By Christian Milaster

In the early days of medicine, healthcare came to the patient. The village healer walked to your hut. The medicine woman brought her tinctures to your cot. Even in early 1900s America, physicians such as William Worrell Mayo — father of the Mayo brothers — made house calls with horse and buggy, carrying his black doctor’s bag to kitchen tables that doubled as surgical gurneys.

Then we centralized everything. We built hospitals, clinics, and — yes — waiting rooms. We made patients travel hours for 10, 15-minute appointments. We created a system where sick people drive themselves to sterile buildings to sit with other sick people, filling out the same forms they completed six months ago, waiting to see a provider who will order tests that could have been ordered over the phone.

By 2040, we’ve come full circle. Healthcare is back where it started: at home, on your terms, in your space.
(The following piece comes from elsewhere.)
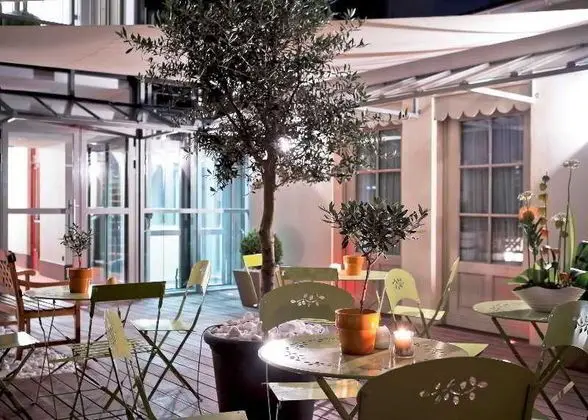 Hotel Alexandra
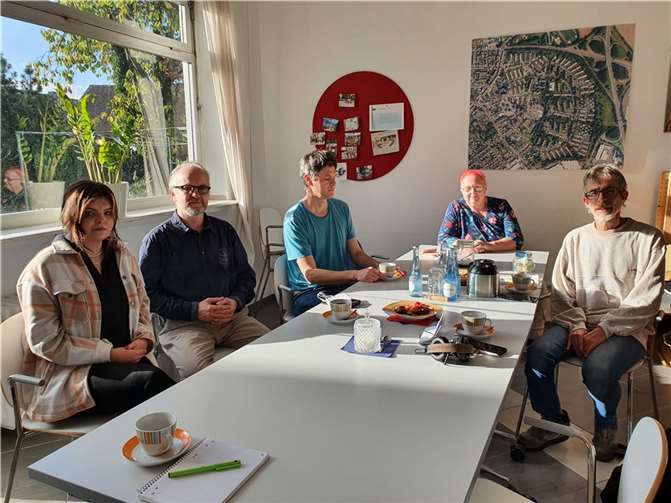 Bei ihrem Treffen warfen die Mitglieder der Arbeitsgruppe Infrastruktur und Sauberkeit im Quartiersmanagement Raiffeisenring einen Blick zurück und nach vorn.  Foto: privat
But this time, it’s powered by technology that would have seemed like magic to Dr. Mayo.

Welcome to a world where every healthcare episode starts virtually and most care stays virtual.

This Could Be 2030

Here’s what’s remarkable: the infrastructure already exists.

Medical diagnostic devices designed for home use are available now. Think of them as medical tricorders — all-in-one tools that measure temperature, heart rate, and oxygen saturation, and perform otoscopic exams. Insurance companies could ship one to every household for less than a few percent of the cost of a single emergency room visit. They’re rugged, foolproof, and designed to be operated by patients, not clinicians.

Mobile phlebotomy services already operate in major cities. A van arrives at your home. You step inside for a blood draw. The samples go to the lab. You never leave your property. The economics work perfectly — especially when you optimize routes such as  Uber or Amazon deliveries. One phlebotomist visiting 15 patients in four hours costs less than maintaining a centralized draw station where 30 patients drive themselves, find parking, and wait in a queue.

Mobile imaging exists too. During COVID, some clinics offered radiological or ultrasound exams in your driveway. A specialized van parks outside. You step in, get scanned, step out. The images upload to the cloud. Your physician reviews them remotely. No hospital visit required. For imaging that requires larger equipment, a mobile van, e.g., for a CT scan, can park in a rural town’s city center a few times a month.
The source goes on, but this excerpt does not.